Interestingly, the researchers discovered that the effect of living in an impoverished area on individuals' chlamydia risk was not impacted by other risk factors like having multiple sexual partners.

The scientists also examined whether risky sexual behaviors or depression that may have occurred while people were transitioning from adolescents to young adulthood could explain this connection, but found that these factors did not appear to do so.

Chlamydia is a serious issue
These findings are important, because they shine a light on a potential risk factor for chlamydia, which is a major problem in the U.S. According to the Centers for Disease Control and Prevention, chlamydia is the most prevalent STD in the U.S., affecting more than 2.5 million people each year. While anyone can get this STD, it is believed to be especially common in women. The CDC reports that an estimated one in 15 sexually active women between the ages of 14 and 19 have chlamydia.

Furthermore, this STD is known as a silent infection, since affected individuals often experience mild or no symptoms.

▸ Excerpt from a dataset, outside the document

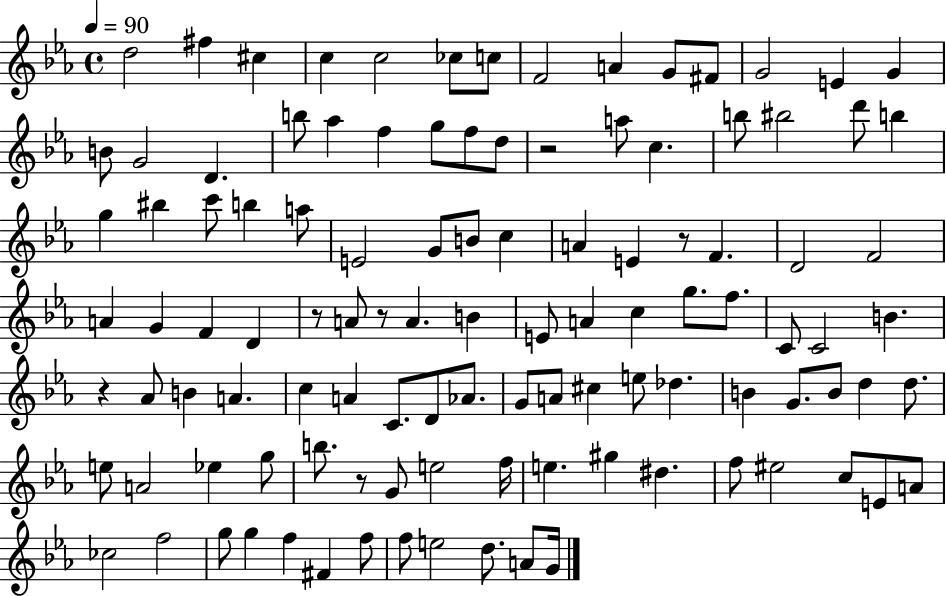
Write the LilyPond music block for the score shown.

However, an untreated infection could make it dangerous or even impossible for a woman to become pregnant, which is why it's so important for women to regularly be checked for this STD.

The CDC recommends that all sexually active women age 25 or younger use STD testing services at least once a year to check for chlamydia. However, the organization notes that any sexually active individual is at risk - so anyone who feels the need should be tested as well.